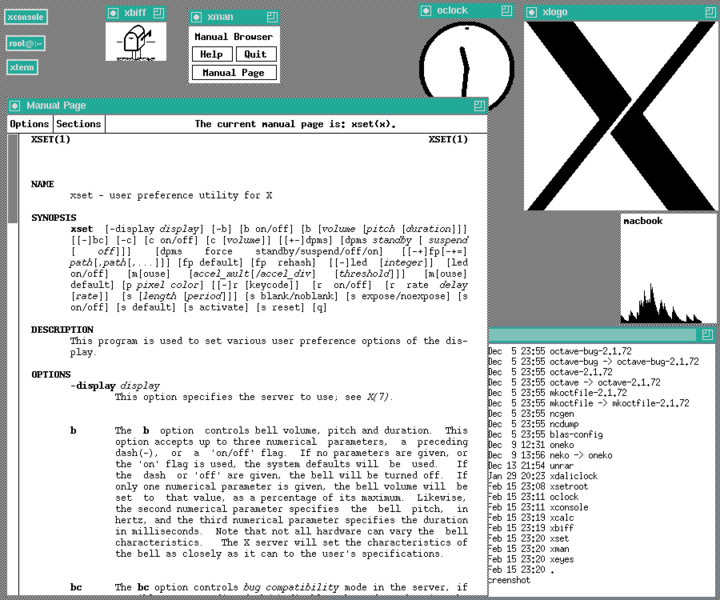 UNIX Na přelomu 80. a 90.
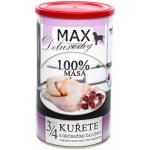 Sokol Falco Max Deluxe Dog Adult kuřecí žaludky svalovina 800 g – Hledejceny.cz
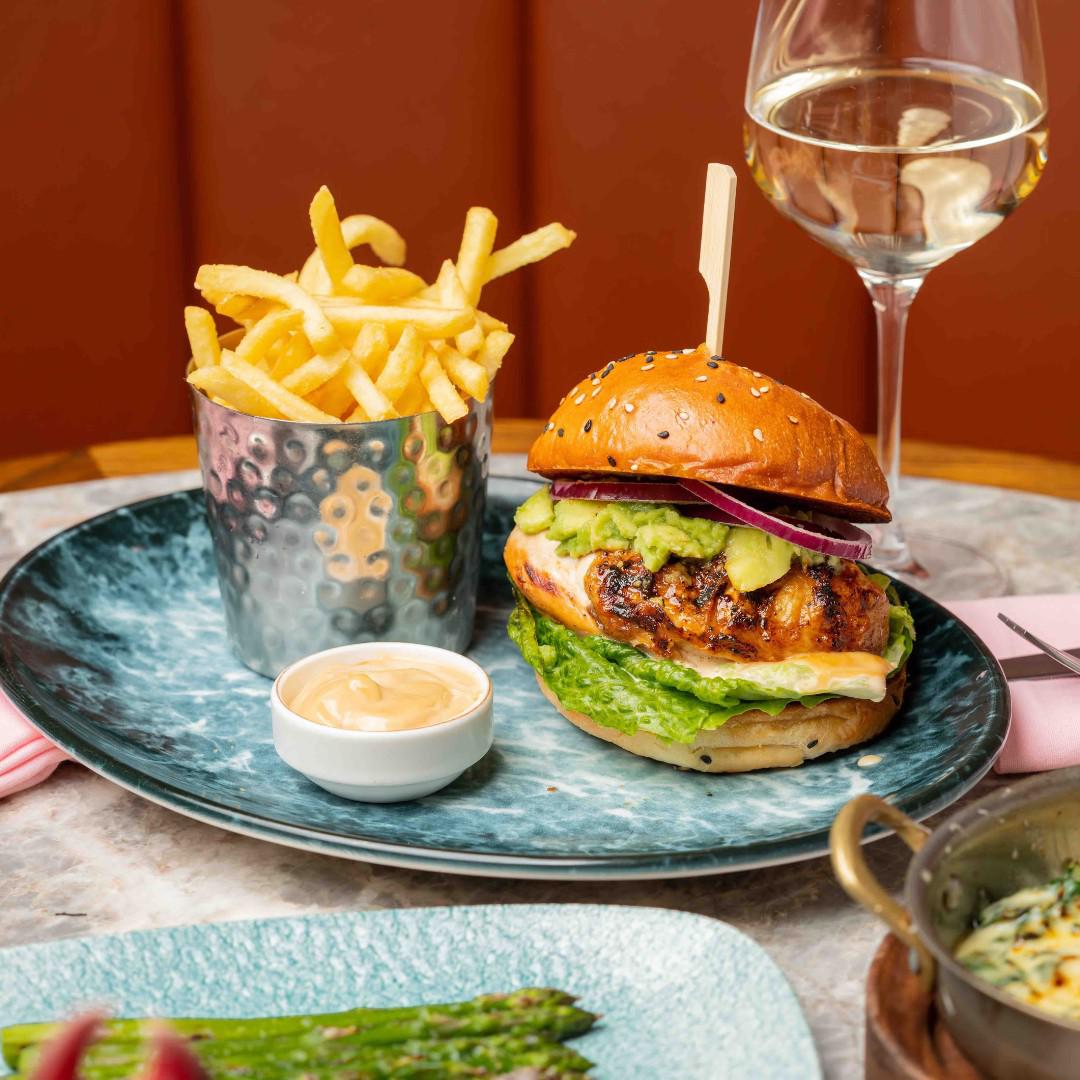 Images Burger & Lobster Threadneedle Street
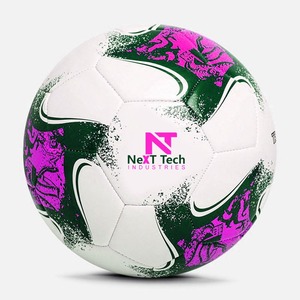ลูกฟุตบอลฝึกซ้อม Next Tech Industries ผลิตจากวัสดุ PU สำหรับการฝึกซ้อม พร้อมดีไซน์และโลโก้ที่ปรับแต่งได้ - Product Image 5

Task to complete ->
Once the pictures are set aside, retype the rest of the listing exactly.

Finished exercise ->
 UNIX Na přelomu 80. a 90.
 Sokol Falco Max Deluxe Dog Adult kuřecí žaludky svalovina 800 g – Hledejceny.cz
 Images Burger & Lobster Threadneedle Street
ลูกฟุตบอลฝึกซ้อม Next Tech Industries ผลิตจากวัสดุ PU สำหรับการฝึกซ้อม พร้อมดีไซน์และโลโก้ที่ปรับแต่งได้ - Product Image 5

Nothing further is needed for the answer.